• Your goal:
Return the entries below word for word; no images should appear in the copy.

** Opening Provided data block **

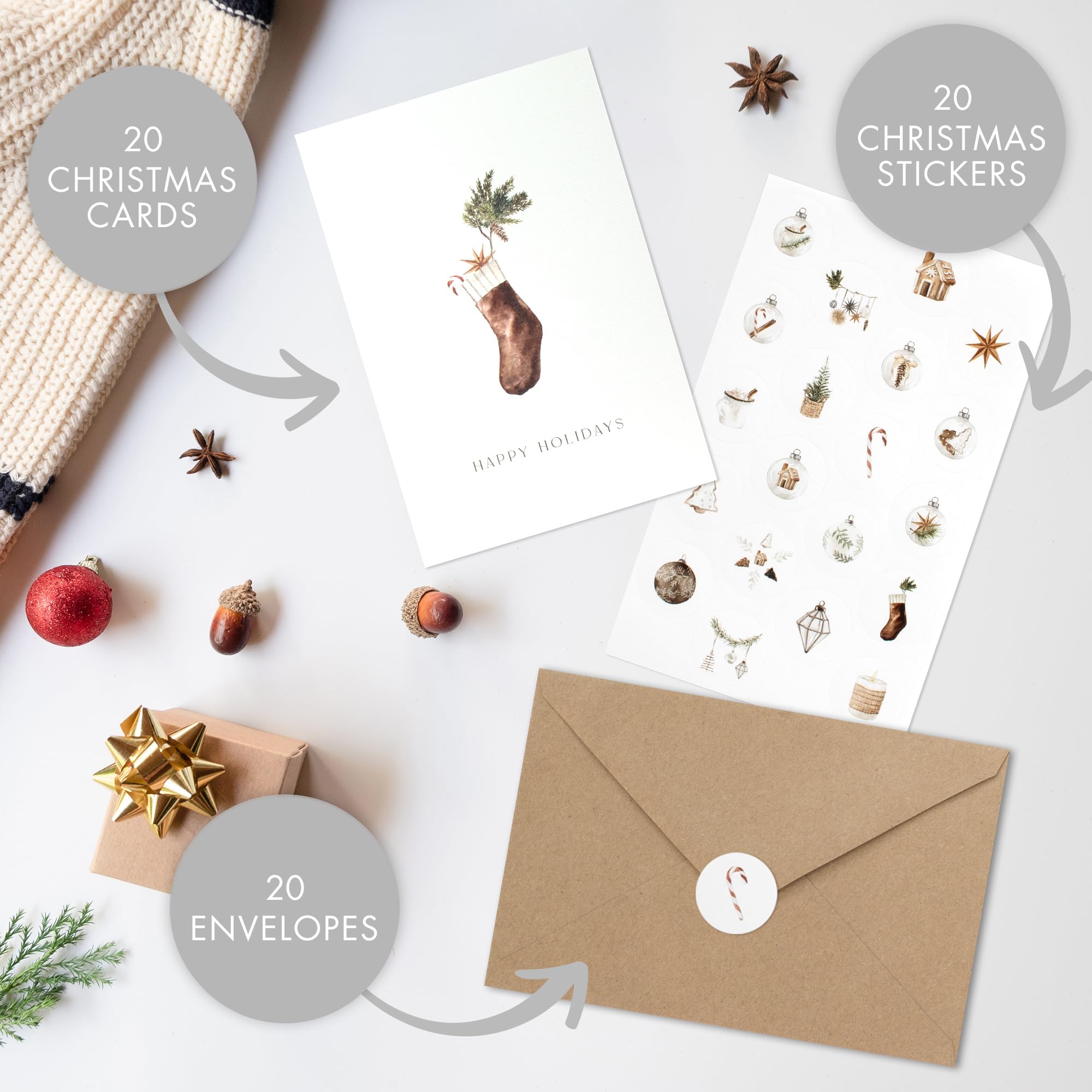 ZICOTO Beautiful Modern Rustic Christmas Cards Set of 20 - Incl. Bulk Envelopes, Matching Stickers And Storage Box - Perfect to Send Warm Holiday Wishes to Friends and Family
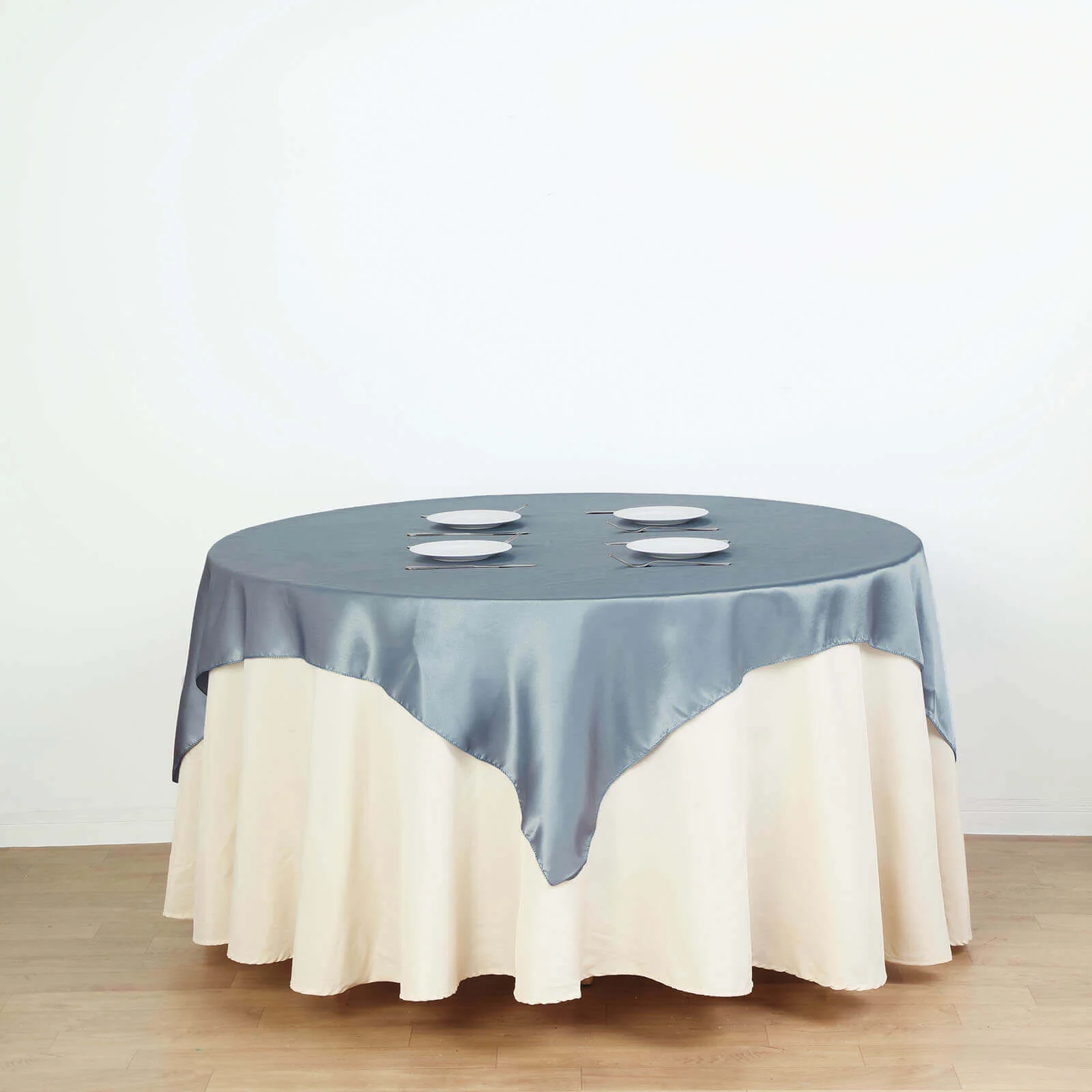 Satin Square Table Overlay 60"x60" Dusty Blue - Luxurious Wedding Table Topper - Image 2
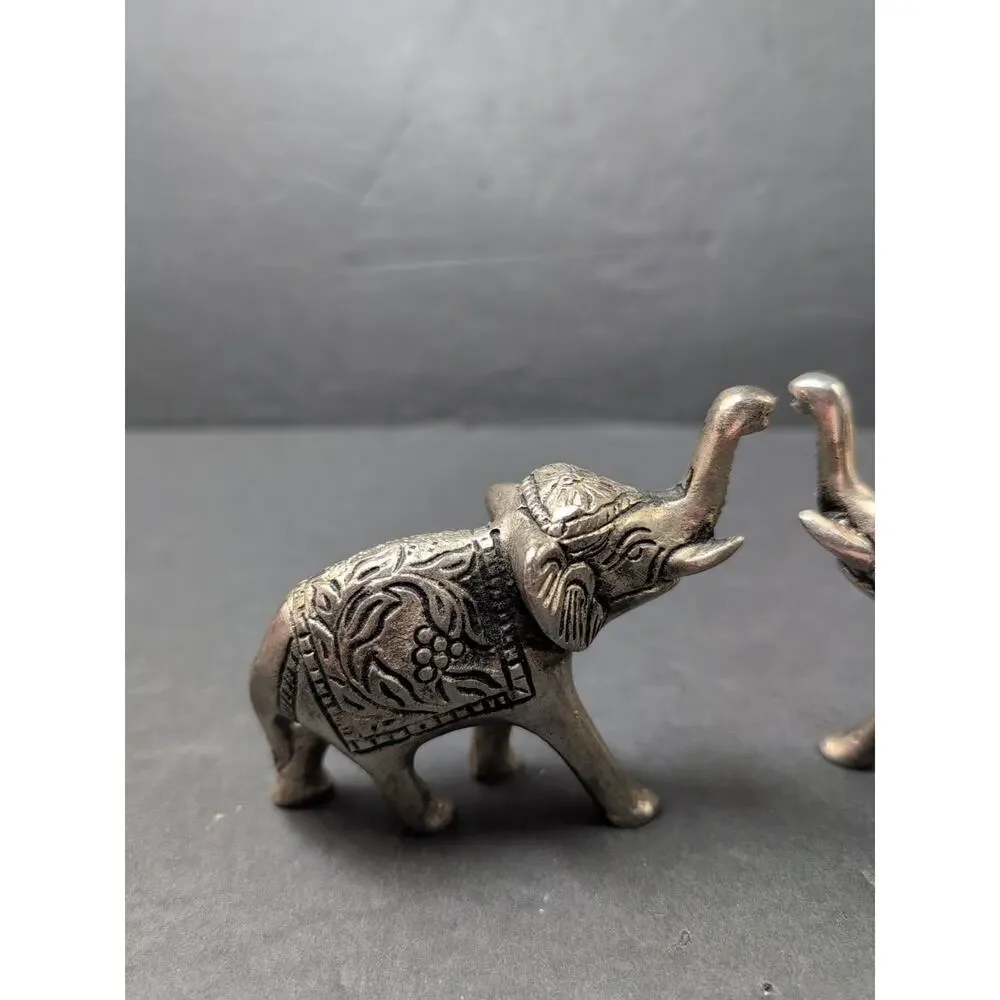 Lot Of 2 India Metal Elephants Hand Carved Collectible Trunks UpFigures 4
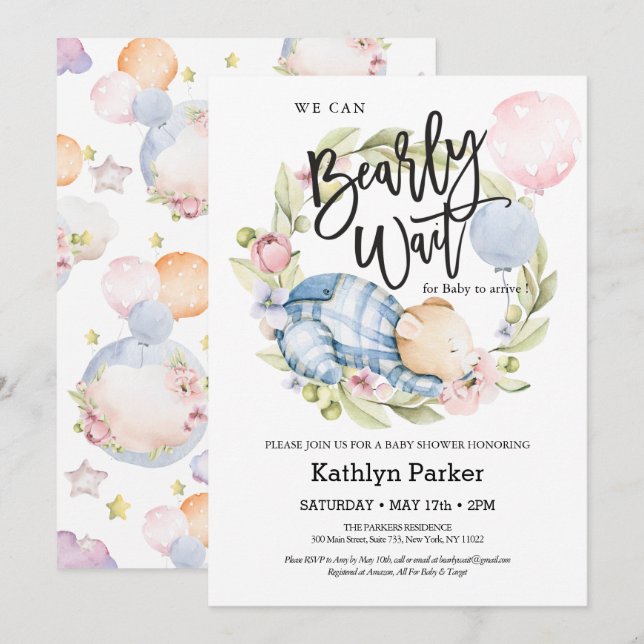 We Can Bearly Wait Boy Teddy Bear Baby Shower Invitation (Front/Back)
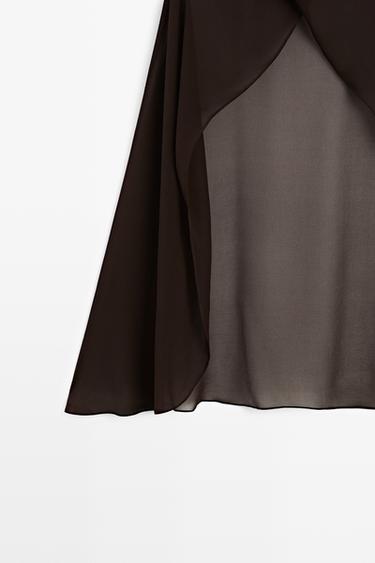 100% mulberry silk crossover cape — BROWN 7
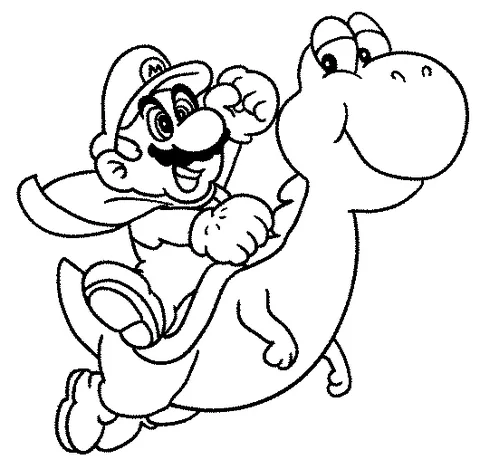 Desenho do Yoshi para colorir: Mario montado nas costas de Yoshi, ambos sorrindo e olhando para frente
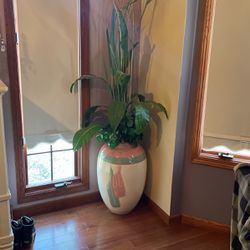 Large Decorative Vase With fake Plants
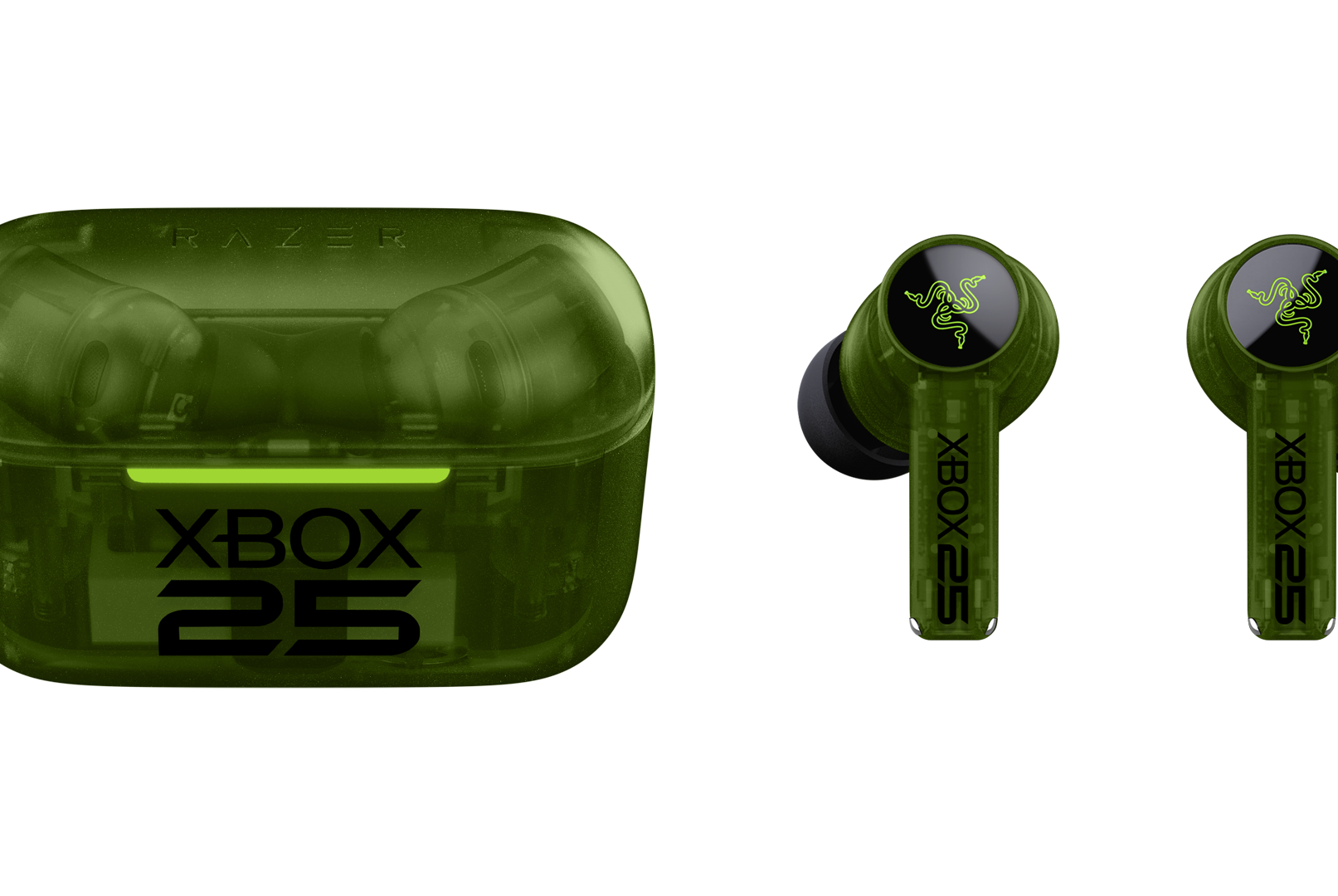 The Xbox 25th anniversary special edition Razer Hammerhead earbuds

** Closing Provided data block **

• Solved exercise:
 ZICOTO Beautiful Modern Rustic Christmas Cards Set of 20 - Incl. Bulk Envelopes, Matching Stickers And Storage Box - Perfect to Send Warm Holiday Wishes to Friends and Family
 Satin Square Table Overlay 60"x60" Dusty Blue - Luxurious Wedding Table Topper - Image 2
 Lot Of 2 India Metal Elephants Hand Carved Collectible Trunks UpFigures 4
 We Can Bearly Wait Boy Teddy Bear Baby Shower Invitation (Front/Back)
 100% mulberry silk crossover cape — BROWN 7
 Desenho do Yoshi para colorir: Mario montado nas costas de Yoshi, ambos sorrindo e olhando para frente
 Large Decorative Vase With fake Plants
 The Xbox 25th anniversary special edition Razer Hammerhead earbuds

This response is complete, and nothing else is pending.